Written by Sara Hook // Photo by Madison Meyer
The Department of Theatre’s Summer Dinner Theatre productions are popular among Searcy residents, and this summer was no different. This year’s plays included the productions of “Arsenic and Old Lace,” and “The Musical Comedy Murders of 1940.” Only a few dinner theatre programs have been performed during the school year, one of them being the last summer 2022 production, “The Play that Goes Wrong.” Director of the play and department chair Steven Frye said those plays that are continued are chosen because they involve a lot of students or alumni and showcase a particular aspect of the theatre program.

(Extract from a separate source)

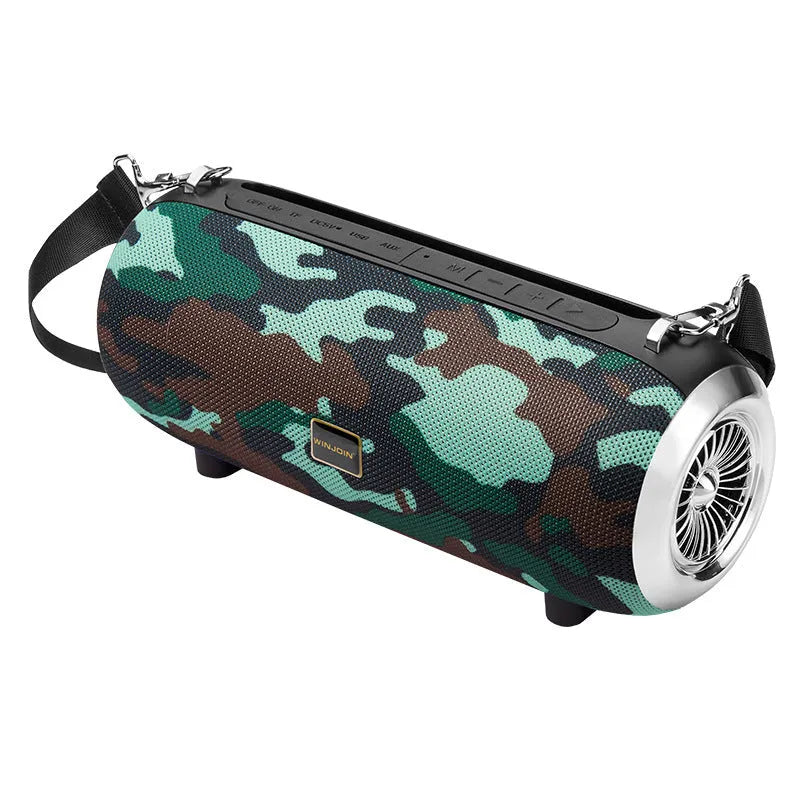 F666 mini Bluetooth speaker in square fabric design with shoulder strap and mobile phone stand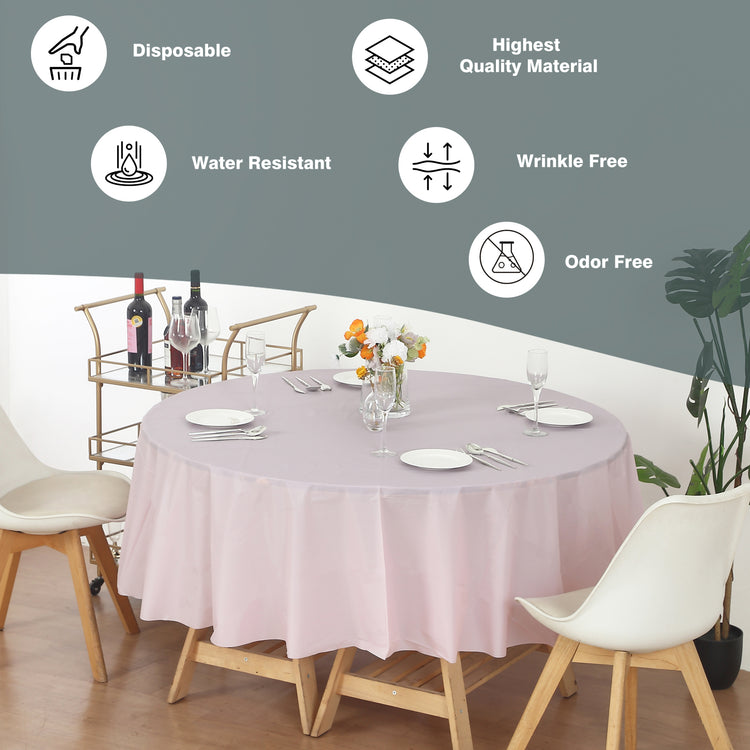 12 Pack Round 84" Heavy Duty Plastic Table Covers Tablecloth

“[The actors] committed to stay with us through the reprise,” Frye said. “Some of them are actually working in other states, and they’ll be going home after all of this, because several are alumni that are working with us on the show.”
The students who work for the Summer Dinner Theatre program work eight-hour days in the summer, alongside professional staff.
“Our students get to work beside their professors and go, ‘Oh, yeah, they really are a good performer. Maybe they know what they’re talking about,’” Frye said. “The same thing holds through with design or construction. When you’re working beside our staff, it’s a great learning experience.”
Senior and stage manager Kat Ream said the professors involved were very encouraging.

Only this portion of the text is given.